Archaeologists examining a set of fossilized footprints believe the scene was where prehistoric humans hunted down sloths, leading perhaps to their extinction. The footprints date back 10,000-15,000 years and were found at a site that once was a lakeside landscape. Today the area is a vast salt flat, part of White Sands National Monument in southern New Mexico.
Researchers believe the evidence indicate that humans played a large role in driving large mammals such as sloths, mammoths and mastodons, to extinction.
The new study by a team of researchers studied the footprints and trackways by giant ground sloths.

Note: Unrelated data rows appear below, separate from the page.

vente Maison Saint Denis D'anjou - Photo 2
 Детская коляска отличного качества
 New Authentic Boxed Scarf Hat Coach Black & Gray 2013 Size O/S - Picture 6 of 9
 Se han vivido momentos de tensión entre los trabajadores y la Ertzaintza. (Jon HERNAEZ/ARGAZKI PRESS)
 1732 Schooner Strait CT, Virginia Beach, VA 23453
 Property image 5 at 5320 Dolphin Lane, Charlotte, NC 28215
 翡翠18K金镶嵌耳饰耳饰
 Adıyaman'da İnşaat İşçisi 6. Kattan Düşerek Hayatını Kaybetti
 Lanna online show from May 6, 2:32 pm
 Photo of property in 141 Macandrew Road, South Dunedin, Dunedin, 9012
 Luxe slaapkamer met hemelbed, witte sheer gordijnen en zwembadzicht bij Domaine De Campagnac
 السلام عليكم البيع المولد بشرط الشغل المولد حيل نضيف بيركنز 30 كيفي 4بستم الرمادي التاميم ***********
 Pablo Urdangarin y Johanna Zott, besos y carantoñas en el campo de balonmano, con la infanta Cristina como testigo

The animal would follow a straight or slightly curved path, unless human footprints are near, when it would turn sharply or stand on its hind legs. This perhaps shows that the animal was hunted and was trying to defend itself with its strong forelimbs. Human footprints inside the footprints of the giant ground sloths indicate that humans were stretching their legs to step into the sloth’s footprints, probably in a close chase.
The findings of the new study indicate that perhaps hunting by humans also contributed to the extinction of giant sloths, mammoths and other large animals.
The study has caused a debate among scientists, since some researchers believe that the set of footprints might have been in the specific structure due to other reasons than hunting. They say further investigations need to be carried out to support the assumption.
The study has been published in Science Advances.